When it became apparent that the store was closing, the song Closing Time by Semisonic started playing in my head. This is the song that I quoted in one of my first blog posts. It felt suitable recurrence of the song since the closing of Mega has aligned with the beginning of the end of our adventure here in Israel.
The main verse that has always been so meaningful from this song is: Every new beginning comes from some other beginning’s end. This rings true with Mega as well as our journey. Mega will be transformed into a new store, and its closing has pushed me to try other grocery stores that I chose to avoid for our entire time here. And while there was a bit of anxiety entering the Super-sal across the street from Mega, it turned out to be a great experience. I found a number of things that I have been living without because I didn’t think I had access to them in Israel. Mega’s closing has taught me once again that sometimes something has to end to push us forward.
Almost 2 years ago, I felt like my life was closing because we decided to pack up our life and move to Israel. It was so scary to leave everything that was comfortable behind to explore a new world. Now, as we begin the moving process once again, there is a bit of anxiety that overwhelms me. Don’t get me wrong, I am very excited to be back with our families and back with our community. I have spent many hours over the past few weeks trying to figure out the source of my anxiety and most of it stems from having to close things up here. It is extremely difficult to say goodbye to the people and places that have become so familiar here. It may also relate to the fact this adventure has changed who I am. Maybe I won’t fit back into things the way I once did. Maybe I don’t want to. I really can’t figure it out right now. Change is never easy.

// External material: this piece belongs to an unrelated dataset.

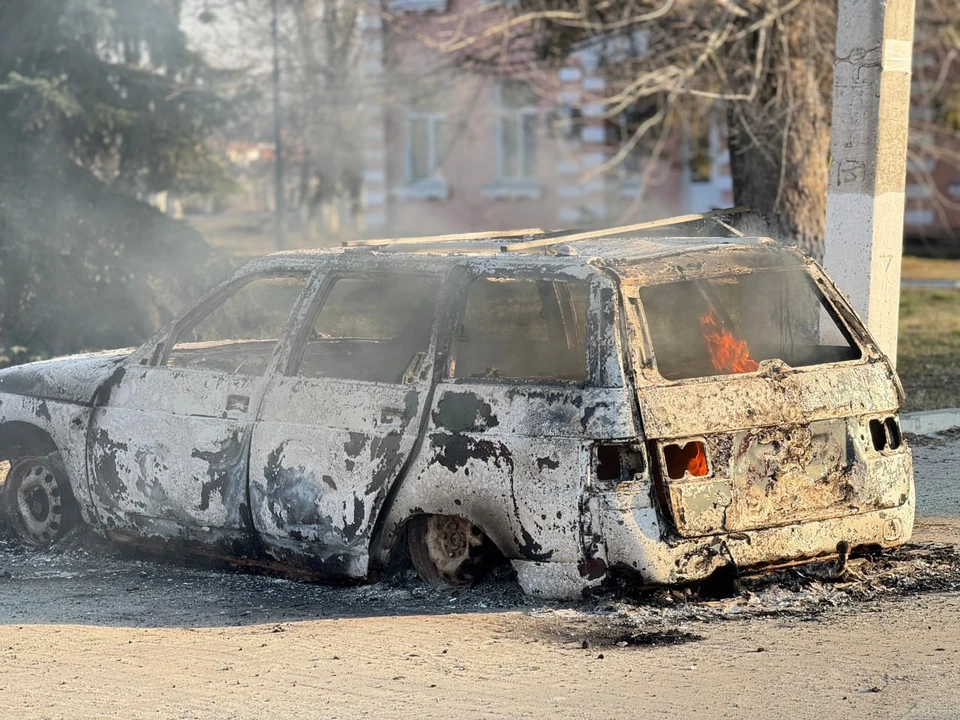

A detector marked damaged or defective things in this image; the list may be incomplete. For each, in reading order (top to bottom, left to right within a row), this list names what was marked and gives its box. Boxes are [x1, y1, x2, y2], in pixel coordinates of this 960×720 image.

What I have learned from being in Israel and from Mega closing is that with change comes new opportunities. Once I get over the awfulness of moving and having to say goodbye, then we will start focusing on the next step in our journey. We will always miss what we have here, but we will also always appreciate what we have when we are back in the United States. I have to know that it will turn out for the best. After all, look how wonderful things turned out here.